Denny Vu took 1st place at the Lubbock WCQ Regionals with Superheavy Samurai.

Superheavy Samurai is the newest contender in the CYAC meta and combines some of the older Superheavy Samurai cards with the new support from Cyberstorm Access to form a powerful combo deck. The main objective of the deck is to abuse Superheavy Samurai Soulpiercer; a monster with a non-OPT search effect to continuously gather resources and build a board. Once you have Soulpiercer, there are a bunch of different lines you can go into which results in a board usually comprising of a mix of Baronne de Fleur, Therion "King" Regulus, Superheavy Samurai Ninja Sarutobi, and/or Apollousa, Bow of the Goddess. This makes the deck quite powerful if you're going 2nd with nothing to break their board or stop them from comboing off. 

The main starting lines of the combo include getting to Soulpiercer and then getting it off the field to start your engine. This is generally pretty easy as most of your Superheavy Samurai monsters have effects that can search for it. Afterwards, you'd link it off for Superheavy Samurai Scarecrow and proceed to Synchro climb using Accel Synchro Stardust Dragon and/or Link climb using Qliphort Genius which will also search for Regulus sometime during the combo. 

The deck can also play a ton of hand traps since it only needs 1 card to start their combo. In Denny's build, he played 15 hand traps along with Jizukiru, the Star Destroying Kaiju; letting him hopefully disrupt his opponent enough so that he could play when going 2nd. Most builds of Superheavy Samurai also play Infinitrack Tunneller which will provide a draw 2 once the combo is over. Tunneller's condition is also pretty easy to fulfill since all the Superheavy Samurai monsters happen to be Earth Machines. This also pairs nicely with the heavy hand trap count as they can provide additional disruption incase the opponent is able to deal with the board. 

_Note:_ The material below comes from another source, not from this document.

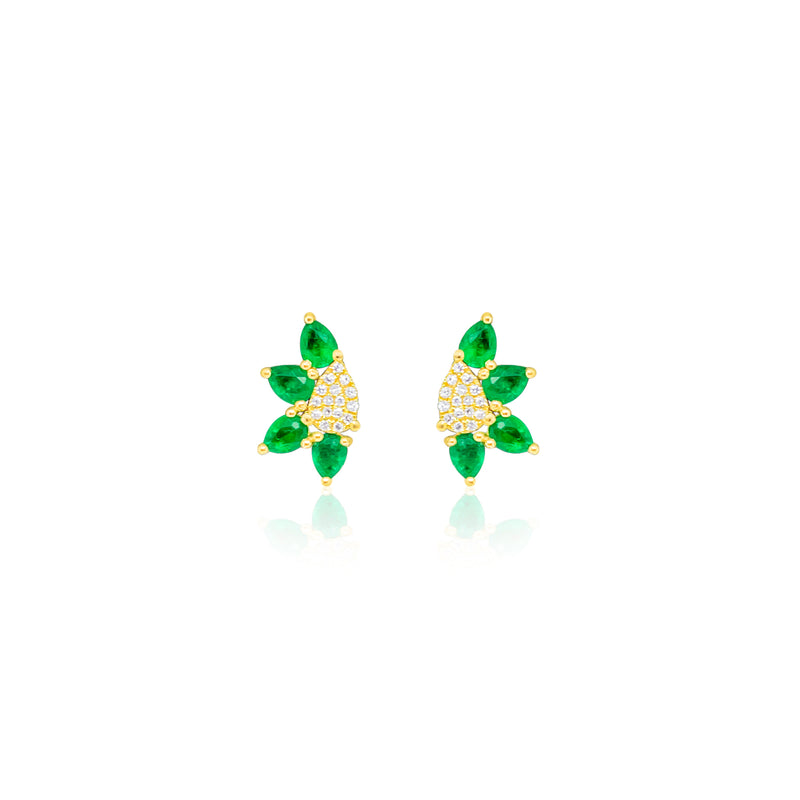 Yellow Gold Diamond and Emerald Stud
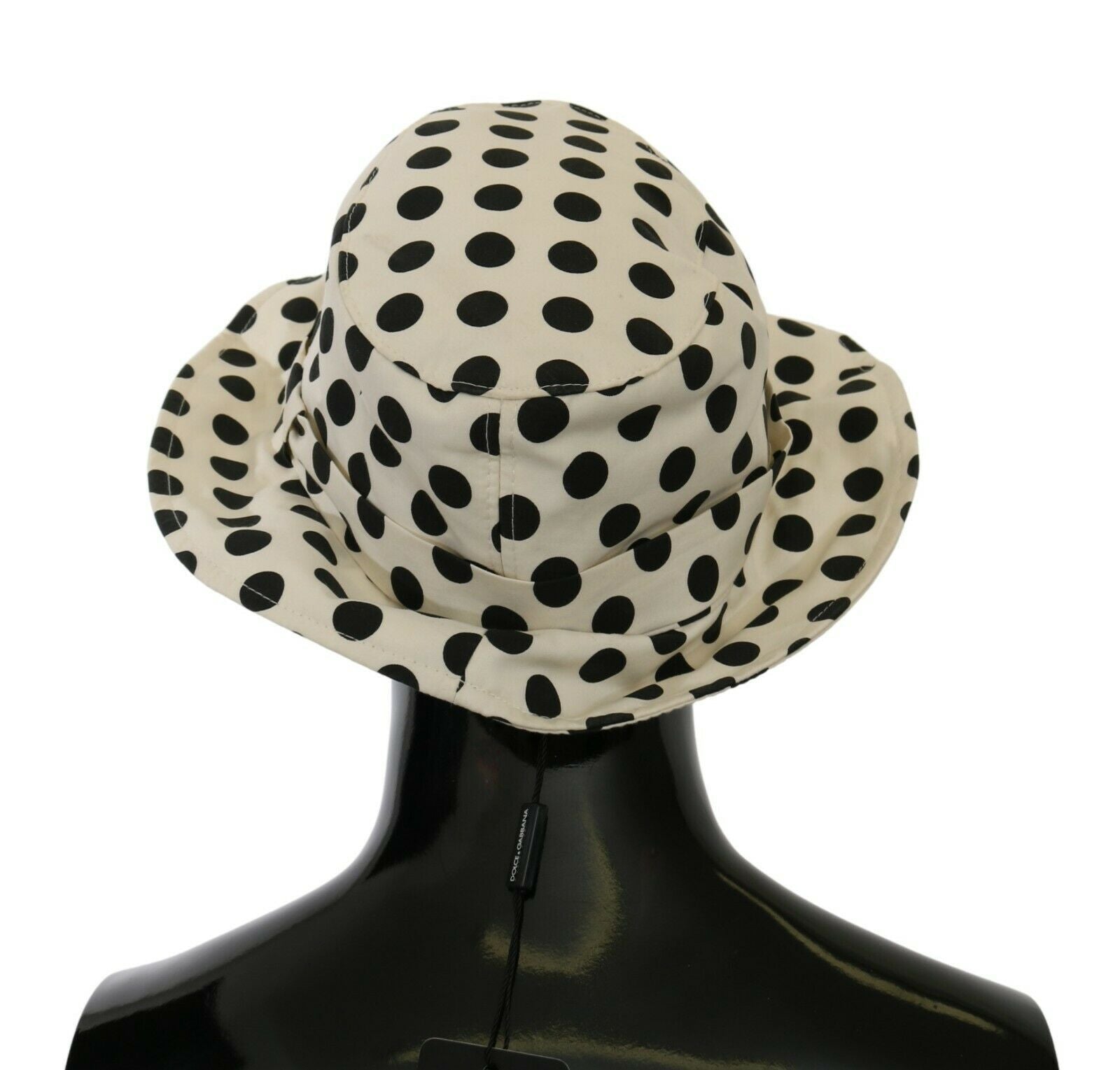 Dolce & Gabbana White 100% Cotton Polka Dot Design Trilby Hat Dolce & Gabbana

The deck's biggest weaknesses is perhaps their reliance on the GY, searching and their inability to play Spells and Traps. Because the deck uses the GY to combo, cards such as Dimension Shifter have started creeping back into popularity to stop the deck from setting up. Droll & Lock Bird is also seeing more play and stops the deck from continuously searching. And while these can be countered by PSY-Framegear Gamma, if the opponent waits until after you have a monster to use either hand trap, it can be difficult to continue your combo. Floodgates and backrow can also pose a problem as the deck doesn't have too many answers to deal with them. And while we do see cards such as Sauge de Fleur and Predaplant Spider Orchid in the Side Deck, they sometimes may not be enough especially if your opponent opens with a well-timed Gozen Match or Rivalry of Warlords






Dinh Khang Pham placed 2nd at the Monchengladbach WCQ Regional with Purrely.

Purrely's main strategy revolves around stacking a bunch of XYZ materials under a single monster and then controlling the game from there. Each of the Purrely Quick-Play spells has a benefical base effect along with offering you the option to discard a card to summon a Purrely monster from the deck. In addition to this, they also provide Purrely XYZ monsters that has them as material an additional effect. This means that every Purrely Quick-Play spell is not only a starter and extender, but also a valuable XYZ material.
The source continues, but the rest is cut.